Le document de référence reconnaît qu’il n’y a pas de solution unique pour décoloniser les musées; chaque établissement a la possibilité de déterminer des stratégies fonctionnant pour sa collectivité, ses collections et ceux et celles qui travaillent dans le musée et collaborent avec celui-ci. Je pense que cela est vrai partout dans le monde.

Rana Ibrahim, agente des collections à Multaka, et des bénévoles du projet accueillent des visiteurs dans l’espace de recherche du Pitt Rivers Museum. © Pitt Rivers Museum, Université d’Oxford

Quel conseil donneriez-vous à de petits établissements songeant à commencer ce travail de décolonisation, mais ne sachant peut-être pas où débuter?

Tel qu’indiqué dans la section « Beginning the Journey (Commencer le voyage) » : « La décolonisation est un voyage valable pour des personnes et des établissements, même si on a le sentiment qu’un musée décolonisé est une destination éloignée. Que ce travail soit accompli individuellement, ou avec le soutien d’un établissement, n’importe qui peut lancer le processus de décolonisation. [Traduction] »

Je conseillerais de prendre les mesures qui sont possibles pour vous, et d’établir des liens avec ceux, tant à l’intérieur qu’à l’extérieur du musée, qui peuvent vous aider dans votre voyage. Et ne manquez pas d’utiliser ce document — il comporte de nombreux conseils pour des personnes qui ne font que commencer, et je pense que les principes de décolonisation et les mesures de décolonisation dans les musées sont d’excellents points de départ.
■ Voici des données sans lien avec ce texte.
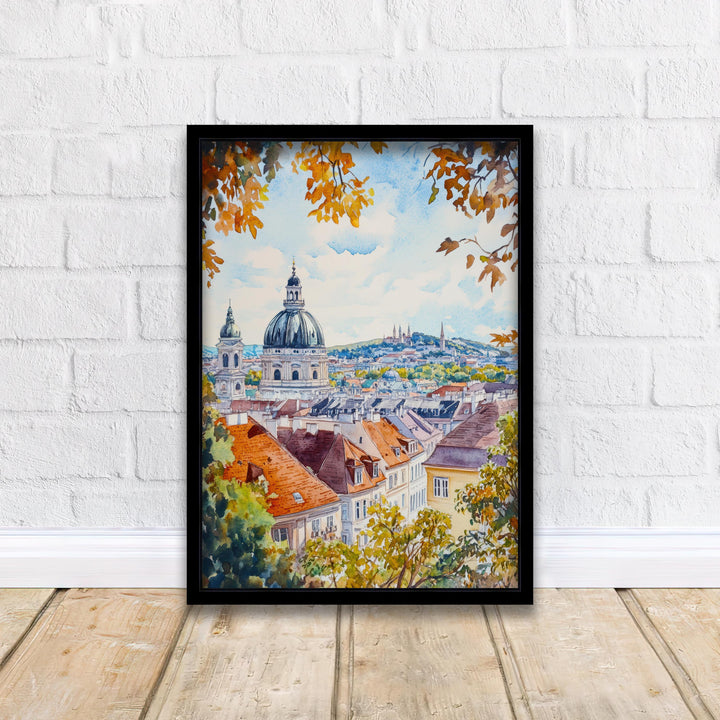 Vienna Watercolor Painting Poster Austria Wall Art Historic City Landscape Print Gift for Europe Travel Lovers and Fans of Scenic Austrian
Comme vous le savez peut-être, l’Association des musées canadiens a presque achevé le lancement et l’analyse d’initiatives de réconciliation et de décolonisation, particulièrement en ce qui concerne la collaboration avec les peuples autochtones pour un examen national de politiques muséales et de pratiques exemplaires afin de déterminer le degré de conformité avec la Déclaration des Nations Unies sur les droits des peuples autochtones et de faire des recommandations. Avez-vous des idées à nous proposer alors que nous nous préparons à partager cette information au sein de notre propre secteur national?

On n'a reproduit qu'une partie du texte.